Data excerpts:

------------------------------------

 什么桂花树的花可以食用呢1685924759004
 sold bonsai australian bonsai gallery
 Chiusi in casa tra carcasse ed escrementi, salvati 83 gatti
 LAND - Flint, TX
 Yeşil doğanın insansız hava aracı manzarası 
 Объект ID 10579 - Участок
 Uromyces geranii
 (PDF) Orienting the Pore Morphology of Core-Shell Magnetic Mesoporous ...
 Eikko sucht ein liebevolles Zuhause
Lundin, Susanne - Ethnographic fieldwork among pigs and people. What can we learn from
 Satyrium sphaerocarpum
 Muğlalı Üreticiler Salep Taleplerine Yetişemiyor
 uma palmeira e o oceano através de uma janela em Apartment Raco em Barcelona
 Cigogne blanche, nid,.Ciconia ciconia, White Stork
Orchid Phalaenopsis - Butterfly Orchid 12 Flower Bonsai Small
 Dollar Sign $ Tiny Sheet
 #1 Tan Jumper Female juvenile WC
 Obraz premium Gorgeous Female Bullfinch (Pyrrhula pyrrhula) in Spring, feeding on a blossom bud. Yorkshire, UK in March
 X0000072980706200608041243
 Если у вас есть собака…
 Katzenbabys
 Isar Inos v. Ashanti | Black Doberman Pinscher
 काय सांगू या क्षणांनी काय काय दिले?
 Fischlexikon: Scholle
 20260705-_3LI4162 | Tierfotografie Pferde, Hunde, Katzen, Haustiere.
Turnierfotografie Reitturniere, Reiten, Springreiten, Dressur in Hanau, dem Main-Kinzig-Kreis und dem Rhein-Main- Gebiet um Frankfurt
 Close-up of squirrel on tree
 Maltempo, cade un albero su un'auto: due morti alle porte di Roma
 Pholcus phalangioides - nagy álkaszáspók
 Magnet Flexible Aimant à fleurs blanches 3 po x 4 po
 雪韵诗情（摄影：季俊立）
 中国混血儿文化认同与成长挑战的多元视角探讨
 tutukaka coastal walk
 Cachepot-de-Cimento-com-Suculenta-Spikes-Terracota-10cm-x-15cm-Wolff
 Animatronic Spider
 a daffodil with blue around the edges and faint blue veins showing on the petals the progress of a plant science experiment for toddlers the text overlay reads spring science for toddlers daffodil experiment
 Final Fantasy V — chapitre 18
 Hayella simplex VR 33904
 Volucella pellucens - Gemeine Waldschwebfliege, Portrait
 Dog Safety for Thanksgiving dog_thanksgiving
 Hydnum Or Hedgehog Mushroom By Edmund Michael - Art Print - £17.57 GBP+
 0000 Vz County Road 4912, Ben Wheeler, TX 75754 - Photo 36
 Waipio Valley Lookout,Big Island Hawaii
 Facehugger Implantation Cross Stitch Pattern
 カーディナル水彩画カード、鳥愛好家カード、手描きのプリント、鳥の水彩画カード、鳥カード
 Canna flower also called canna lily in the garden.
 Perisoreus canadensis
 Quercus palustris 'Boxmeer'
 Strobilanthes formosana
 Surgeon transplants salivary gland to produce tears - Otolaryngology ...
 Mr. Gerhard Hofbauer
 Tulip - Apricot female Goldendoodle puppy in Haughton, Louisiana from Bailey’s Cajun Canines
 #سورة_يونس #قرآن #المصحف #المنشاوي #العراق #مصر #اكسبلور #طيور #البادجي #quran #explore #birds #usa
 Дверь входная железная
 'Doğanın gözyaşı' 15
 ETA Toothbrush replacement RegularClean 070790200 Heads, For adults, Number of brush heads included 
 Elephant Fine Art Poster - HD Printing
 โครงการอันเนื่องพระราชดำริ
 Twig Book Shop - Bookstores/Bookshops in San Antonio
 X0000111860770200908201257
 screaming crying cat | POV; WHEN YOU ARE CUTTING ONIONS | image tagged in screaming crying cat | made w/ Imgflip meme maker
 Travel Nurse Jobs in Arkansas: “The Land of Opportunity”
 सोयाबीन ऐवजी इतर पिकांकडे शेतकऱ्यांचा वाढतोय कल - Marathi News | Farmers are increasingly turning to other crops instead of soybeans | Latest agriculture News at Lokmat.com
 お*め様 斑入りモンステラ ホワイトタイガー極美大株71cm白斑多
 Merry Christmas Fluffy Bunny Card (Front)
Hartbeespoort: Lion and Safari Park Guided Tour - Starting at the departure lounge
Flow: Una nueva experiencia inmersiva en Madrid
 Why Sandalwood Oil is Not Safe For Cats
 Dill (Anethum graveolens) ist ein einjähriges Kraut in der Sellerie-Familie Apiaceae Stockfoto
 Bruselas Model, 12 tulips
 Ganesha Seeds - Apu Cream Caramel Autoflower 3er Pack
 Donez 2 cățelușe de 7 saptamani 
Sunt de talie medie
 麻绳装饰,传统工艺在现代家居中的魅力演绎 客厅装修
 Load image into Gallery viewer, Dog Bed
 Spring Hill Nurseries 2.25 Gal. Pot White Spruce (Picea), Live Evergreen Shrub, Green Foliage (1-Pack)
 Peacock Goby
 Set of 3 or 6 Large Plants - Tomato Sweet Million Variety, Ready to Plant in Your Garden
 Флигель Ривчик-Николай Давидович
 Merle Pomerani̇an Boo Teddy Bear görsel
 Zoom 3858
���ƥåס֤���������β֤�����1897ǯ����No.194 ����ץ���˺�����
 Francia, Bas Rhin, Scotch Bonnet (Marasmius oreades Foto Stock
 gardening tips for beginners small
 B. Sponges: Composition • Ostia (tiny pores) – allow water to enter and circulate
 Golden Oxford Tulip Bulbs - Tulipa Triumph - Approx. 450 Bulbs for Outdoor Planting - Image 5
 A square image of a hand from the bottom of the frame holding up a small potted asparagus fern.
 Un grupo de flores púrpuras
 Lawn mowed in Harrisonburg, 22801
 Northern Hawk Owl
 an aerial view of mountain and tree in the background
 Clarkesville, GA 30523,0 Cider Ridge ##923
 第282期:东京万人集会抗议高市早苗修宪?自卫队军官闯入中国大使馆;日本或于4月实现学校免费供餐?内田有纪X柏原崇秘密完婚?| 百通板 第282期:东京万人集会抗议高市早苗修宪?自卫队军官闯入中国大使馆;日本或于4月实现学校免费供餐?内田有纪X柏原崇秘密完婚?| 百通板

------------------------------------

Using only the data above, copy out the lines that include the word "tree".

 Close-up of squirrel on tree
 an aerial view of mountain and tree in the background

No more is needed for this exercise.